Attending a Chapter Championship or other LPGA Amateurs tournament gives you an opportunity to be a real life spectator (and cheerleader). If you have never been a spectator at a golf tournament, here are some things you might consider.
Keep Your Eye on the Ball!
Remember that golf is about hitting a small hard ball into the air and praying it lands in the right spot. If it doesn’t land in the right spot, you might be in the wrong spot.
Hike or Camp?
Are you interested in following one player or do you want to get a view of several players as they progress through a section of the course?
Hike – If you want to follow a player or group, you’ll have to walk the course. hole one through eighteen, just like a player. If you have played the course before, you’ll know the fastest way to get from place to place. It helps if you have the course score card or use some technology to help you navigate.
This will give you a chance to watch how the wind, sun affects the play and how the golfers manage their way around the course. You can learn a lot from watching 18 holes of golf; different from what you learn in you lessons.
Camp – Another way to watch a tournament is to camp out at a hole and watch all the players hit a certain shot. Par threes and second shots into shorter par fives often offer excitement.
When I watch, I try to find a spot between the green of one hole and the tee of another. You’ll get to see golfer and compare how they play.
Likely you will be able to bring a chair, possibly an umbrella, and have a nice comfy view.
You might want to take note of where the bathrooms and concession stands are as being close to these amenities will make your day a lot more fun and enjoyable.
You might be able to camp out in several places if you choose from the early holes and then move to the final holes later in the day.
What to bring (and what not to bring)
Different tournaments have different rules that cover “spectator behaviour.” Consider the following:
- Dress like you are going to play golf. Golf shoes, shirts, shorts, hats and glasses are always a good idea. You might want to bring binoculars if it is a big tournament. Consider the weather: sunscreen, umbrellas, rain gear. If you follow these guidelines you will be well equipped to tramp around the course and you know you will be dressed appropriately for the occasion!
- Phones, cameras and other electronic devices. Sometimes these are not even allowed in the tournament and you have to check them on arrival. At big tournaments there are copyright and broadcast restrictions and other times the rules are there to ensure golfers and spectators have a good experience sans annoyance. Check these rules before you go.

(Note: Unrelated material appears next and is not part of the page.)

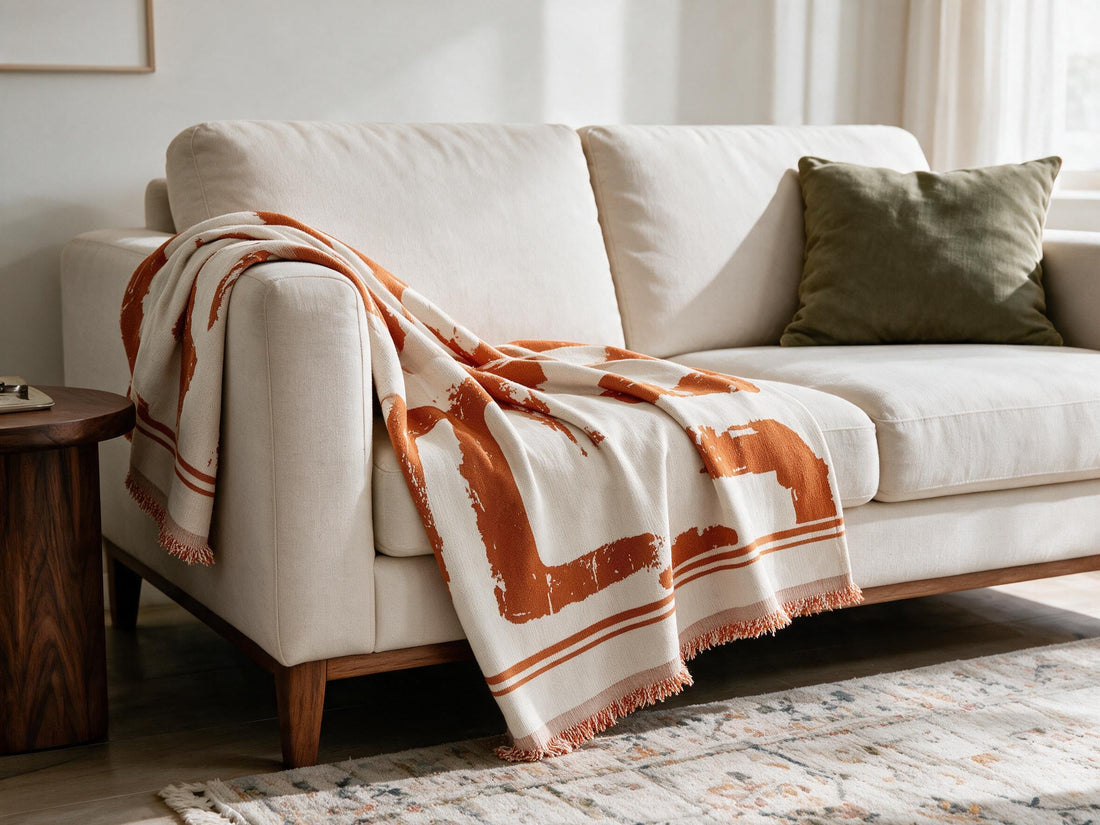 Skymoore Orange throw: decorative sofa-arm drape.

- Food and beverages. Many big tournaments don’t permit outside food on the grounds. Check those rules before you go. You don’t want to lose that beautiful roast beef, brie and pear sandwich that you lovingly packed. In any case, make sure you drink lots of water, and keep your blood sugar stable!
- Chairs and umbrellas. Makes for a more comfortable experience if you are taking the camping route. Again, check out the rules before you go.
- If you’ve ever played a round of golf, you know how to behave at a golf tournament.
- Do as you’re told by the workers and volunteers. You can tell who they are because they are usually dressed alike and are standing on the opposite side of the ropes, keeping distance between the players and the spectators.
- If they raise their hands or the quiet sign, that means you should be quiet.
- Cheer at appropriate times, but otherwise be mindful of any noise you might be making. Be courteous to the players; they’re trying to play their best golf and they need to be able to concentrate.
Have fun! Cheer the great shots, support your colleagues, friends and chapter mates!